## [PROVIDED ENTRIES]
• • •
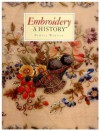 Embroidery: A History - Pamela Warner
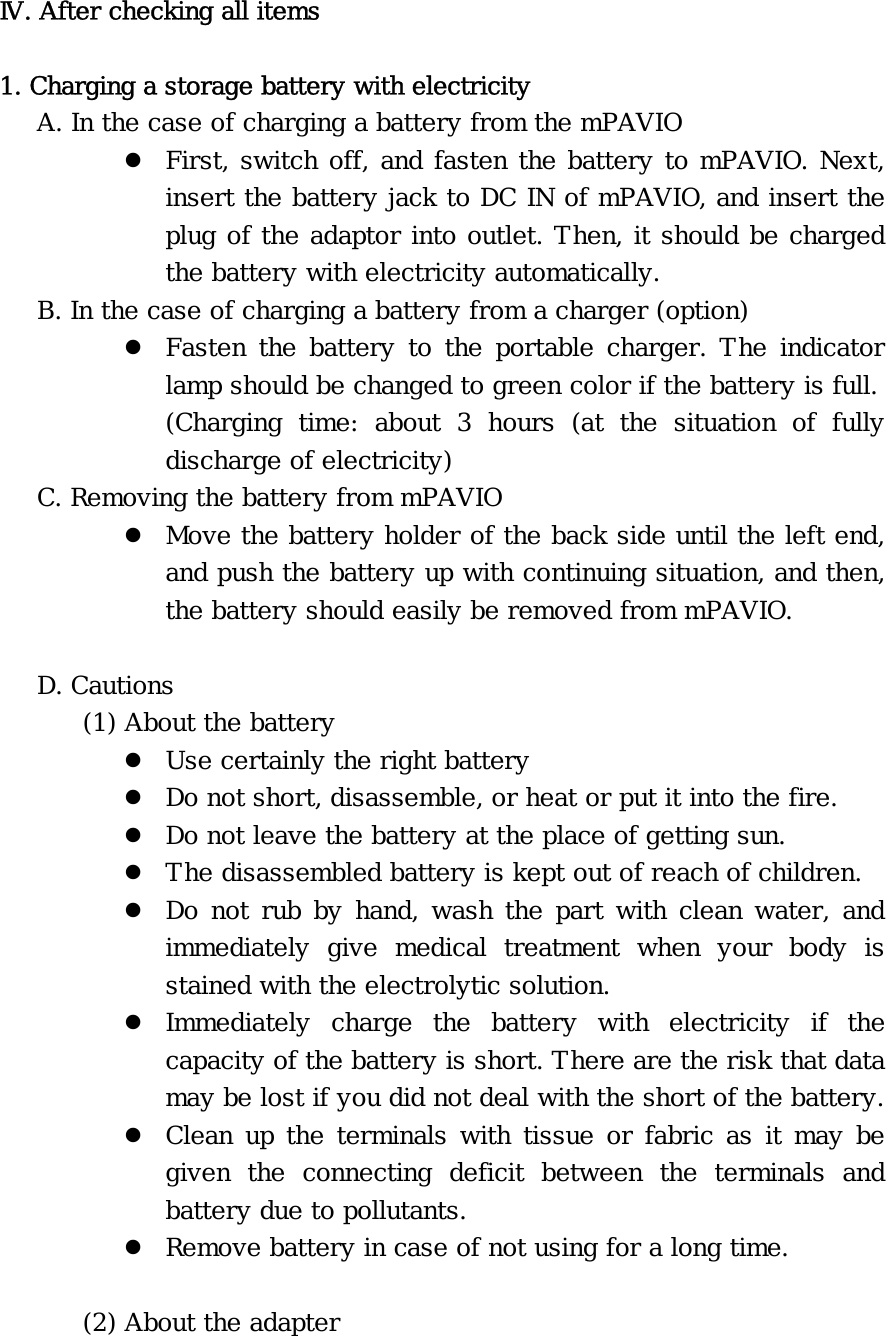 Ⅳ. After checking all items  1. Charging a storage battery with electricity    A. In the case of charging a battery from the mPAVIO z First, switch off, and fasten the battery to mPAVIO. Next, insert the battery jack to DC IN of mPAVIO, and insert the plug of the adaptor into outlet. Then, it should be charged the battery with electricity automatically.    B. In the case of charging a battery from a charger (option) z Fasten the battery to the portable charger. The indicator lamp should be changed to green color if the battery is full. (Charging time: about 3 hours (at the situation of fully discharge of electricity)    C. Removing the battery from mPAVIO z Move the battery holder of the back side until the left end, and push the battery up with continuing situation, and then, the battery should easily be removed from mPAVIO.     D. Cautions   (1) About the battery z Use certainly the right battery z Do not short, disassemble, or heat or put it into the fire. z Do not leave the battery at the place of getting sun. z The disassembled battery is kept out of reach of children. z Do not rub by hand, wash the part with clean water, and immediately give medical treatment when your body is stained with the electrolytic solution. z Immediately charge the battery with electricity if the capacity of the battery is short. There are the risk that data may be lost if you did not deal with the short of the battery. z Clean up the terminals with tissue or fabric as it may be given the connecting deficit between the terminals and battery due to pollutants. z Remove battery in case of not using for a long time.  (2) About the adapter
• • •
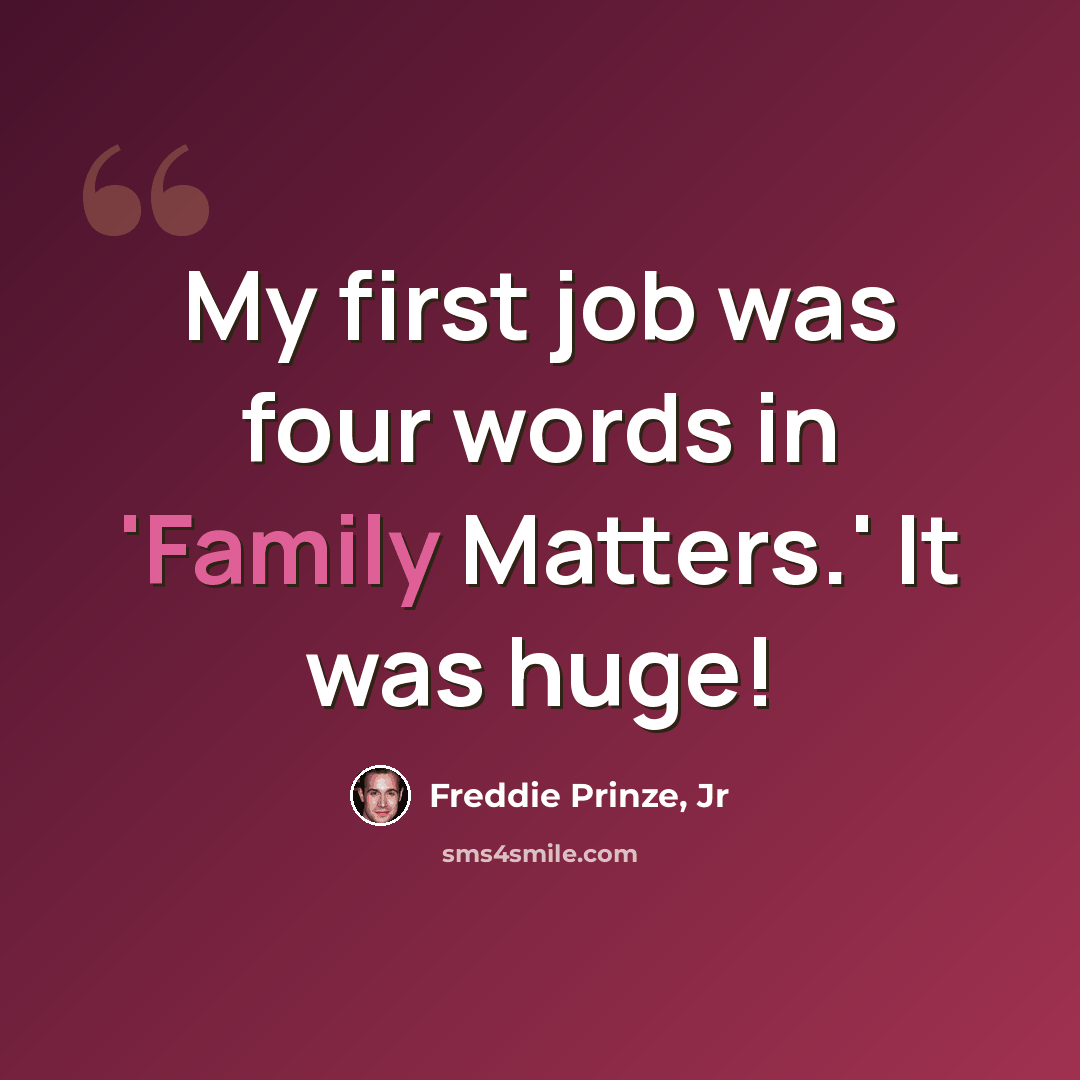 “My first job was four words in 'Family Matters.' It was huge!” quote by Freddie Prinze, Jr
• • •
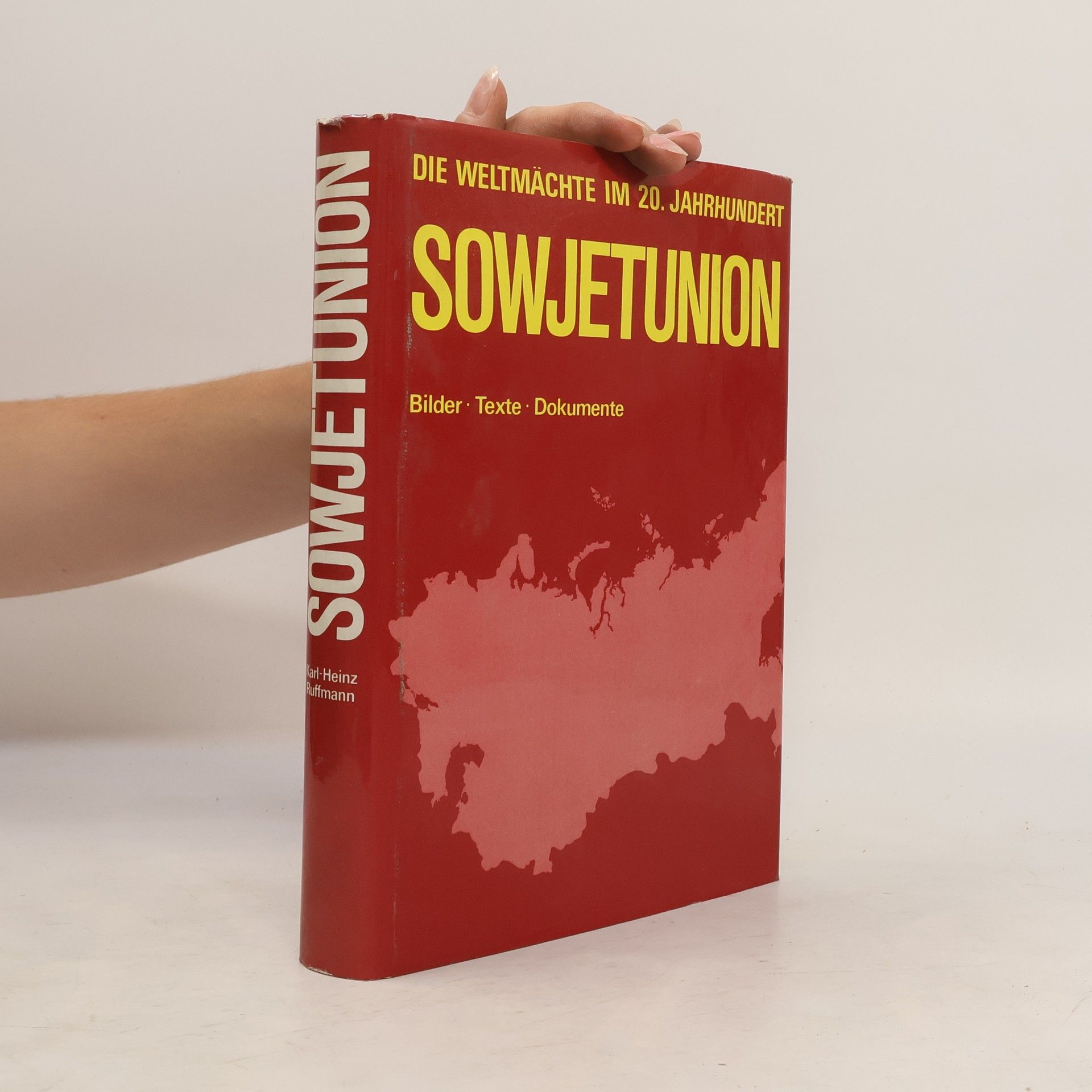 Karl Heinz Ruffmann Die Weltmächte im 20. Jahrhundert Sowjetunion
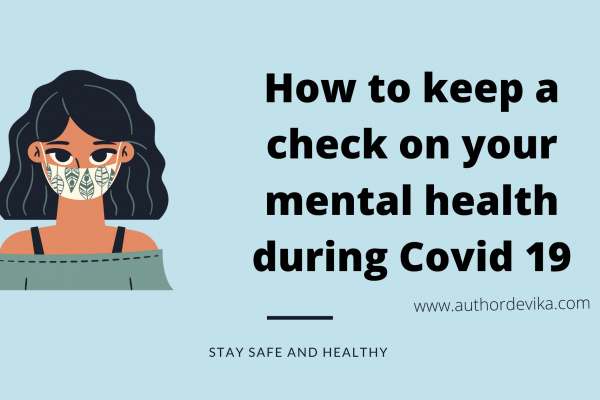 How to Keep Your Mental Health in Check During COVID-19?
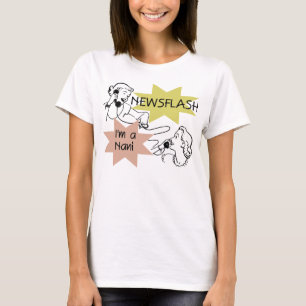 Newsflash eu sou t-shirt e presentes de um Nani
• • •
## [TASK]
Although the records hold pictures, the copy must not; give again exactly the lines from the one with "Karl Heinz Ruffmann" through the one with "Newsflash eu sou".

## [SOLUTION TO THIS EXERCISE]
 Karl Heinz Ruffmann Die Weltmächte im 20. Jahrhundert Sowjetunion
 How to Keep Your Mental Health in Check During COVID-19?
 Newsflash eu sou t-shirt e presentes de um Nani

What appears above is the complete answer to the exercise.